McMillan has a journalist’s eye for detail and accuracy, combined with a clear-eyed, respectful view of the world. She deftly locates herself in the story as both observer and participant. Humor, generosity of spirit and forthrightness give her narrative complexity, without ever becoming self-absorbed. She’s curious, resourceful and genuine.
She clearly explains the logistics and economics of the usually invisible supply chain that gets food to market. It’s easy to paint the players in food business as “big” and “bad,” but McMillan gives us a more useful vantage: the businesses she works for do what the system is set up for them to do. If we’re serious about changing the way Americans eat, she writes, we have to remake the system that brings food to average working folks.
And then there is her quiet outrage. That so many Americans are unable to afford good fresh food, don’t have access to it, and often, have not been taught how to cook it, becomes an insistent thread throughout the book. Most people want to eat good food and would if they could.
McMillan is brave and honest about her own position as a young, single, white female. In the world of food writing, that makes her somewhat of a star; in the lower rungs of the food system, it’s a vulnerable place to be. That dual understanding, woven throughout, gives her story tremendous power.
The last chapter is where McMillan delivers the punch she’s been quietly building. It’s powerful not because it’s unexpected, but because of the moral clarity with which she lays out a challenge for anyone who envisions a better, fairer, healthier food system. We need to think of food not as a commodity but as a social good.
“It’s worthwhile, of course, to talk about food as a meal or as the product of a farm, but to engage with our meals solely on those terms is to ignore food’s core essence. Food is not a luxury lifestyle product. It is a social good. … The food infrastructure that brings food into neighborhoods is in many ways just as important to our health as what goes on in the fields.”

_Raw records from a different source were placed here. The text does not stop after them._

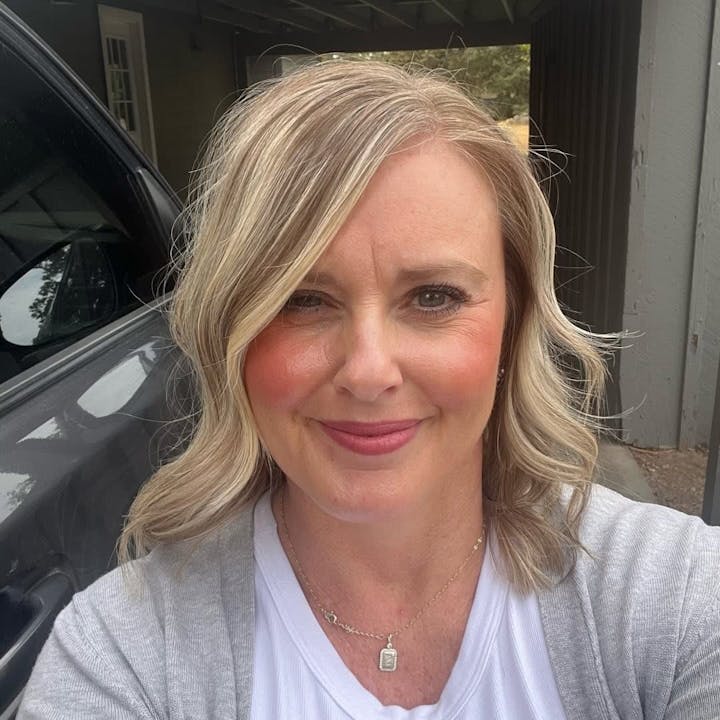 A person with light hair and a necklace, smiling outdoors next to a car.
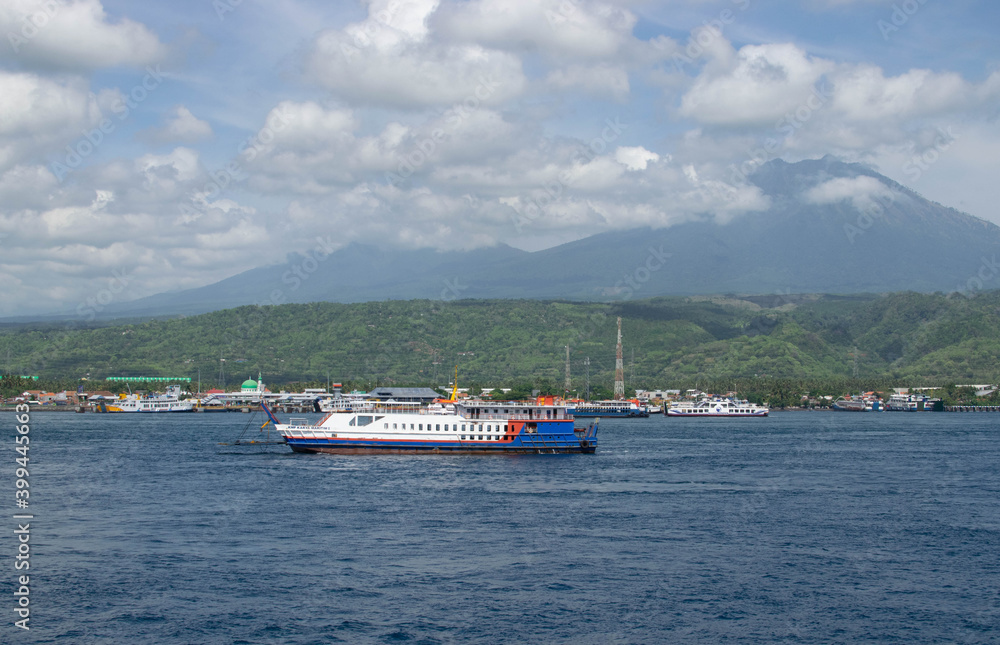 Banuwangi, Indonesia - November 17, 2020: The Ferry in the sea at Port of Ketapang, located in Ketapang Village, Banyuwangi Regency, East Java, Indonesia that connects eastern coast  of Java with Bali
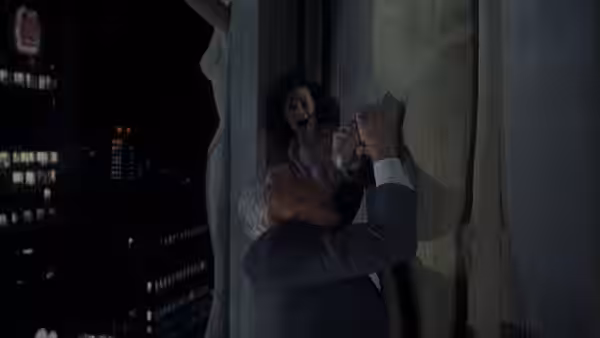 Frank Drebin (Leslie Nielsen) struggles with an assailant on a building ledge at night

By the time she has shared meals with fellow farm workers, clipped coupons to afford to eat and found both satisfaction and risk in the camaraderie of a fast-paced commercial kitchen, McMillan is certain that food, and the infrastructure that gets it from farm to table, are more than just a series of commercial transactions; they are a social good and a reflection of our humanity. By the time you reach the end of the book, you’ll not only have a greater appreciation for what it takes to get food to your table but you’ll also want to make the table big enough to pull up a few more chairs for the neighbors.
[Editor’s note: The wrong day was originally included in the information for Tracie McMillan’s reading. She will be reading at at 7 p.m. Wednesday, Oct. 16, in the Congregational United Church, 30 N. Clinton St.]